For many of us this may have started in middle school or junior high. Just at a time when we were most vulnerable to attack we’re tempted to shun the family values our parents have instilled in us. We start to question the lessons of the Sunday School teachers, youth leaders and Pastors God has brought into our lives. Even religion can play a role when it strays from teaching the relationship with Jesus and focuses on the rules of dogma, and doctrine.

King David likens the trap set by our enemies to a big pit which was dug to entrap unsuspecting animals. The hole was large enough to trap the animal of choice and deep enough so they could never get out. Then, the hole was cleverly disguised and the victim drawn to the hole. Often it was chased so that it didn’t have time to really survey the area.

When it reached the hole it would drop through the covering, becoming trapped and at the mercy of its enemy. This ploy was used against animals as well as enemy soldiers in ancient times.

David teaches us two truths in this verse tucked away in Psalm 7. First of all each of us needs to be wary of our enemies tactics. Those people or activities that seem harmless but really are traps to pull us away from our relationship with Jesus. Being aware of the enemies trap is the fist step in avoiding being ‘captured’ by the lie.

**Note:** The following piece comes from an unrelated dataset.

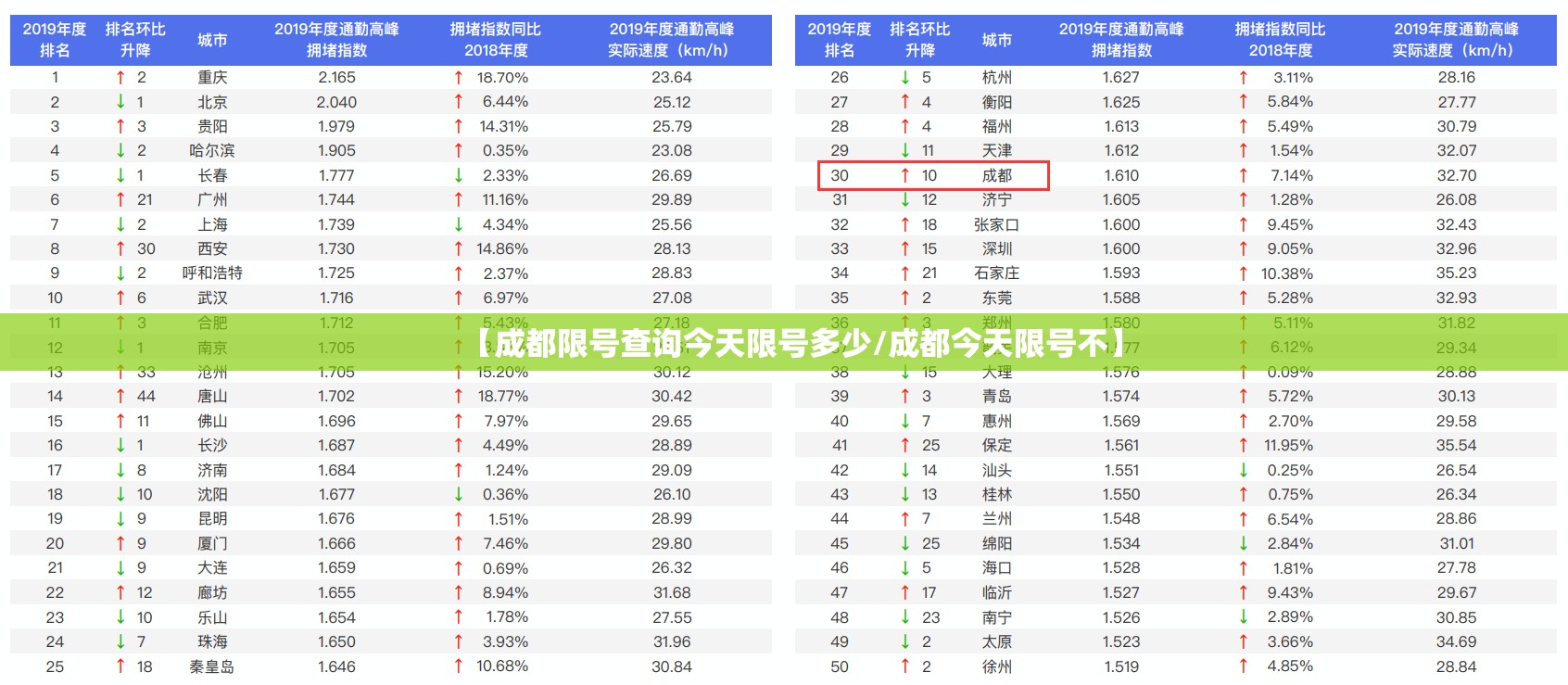 【成都限号查询今天限号多少/成都今天限号不】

Secondly, David assures us that in the end our enemies will fall victim to their own traps. They may think they are winning over us. They may think they are superior in their actions. But their fate is doomed.

One more thought. Perhaps you have fallen victim to the trap of the enemy. You look around at walls you don’t see anyway of climbing. You feel you are at the mercy of those who are intent on hurting you. Jesus came to lift us out of the trap the enemy sets for us. Think of Jesus as a ladder let down to the bottom of your pit. See him climbing down to carry you out. That’s grace. That’s forgiveness like only he can give.

David finishes Psalm 7 by reminding us that we serve a God who does what is right. He’s not intent of trapping us, or reminding us of our failures. His intention is to release us from the trap so that, like the roadrunner, we can run free!

PRAYER: Father, I pray for protection from the enemy today. Reveal his traps to me so that I don’t fall in. Empower me with your Spirit to lead others around the pit that may entrap them. Lift me up through your forgiveness when I fall victim to the enemy’s ploys. Amen.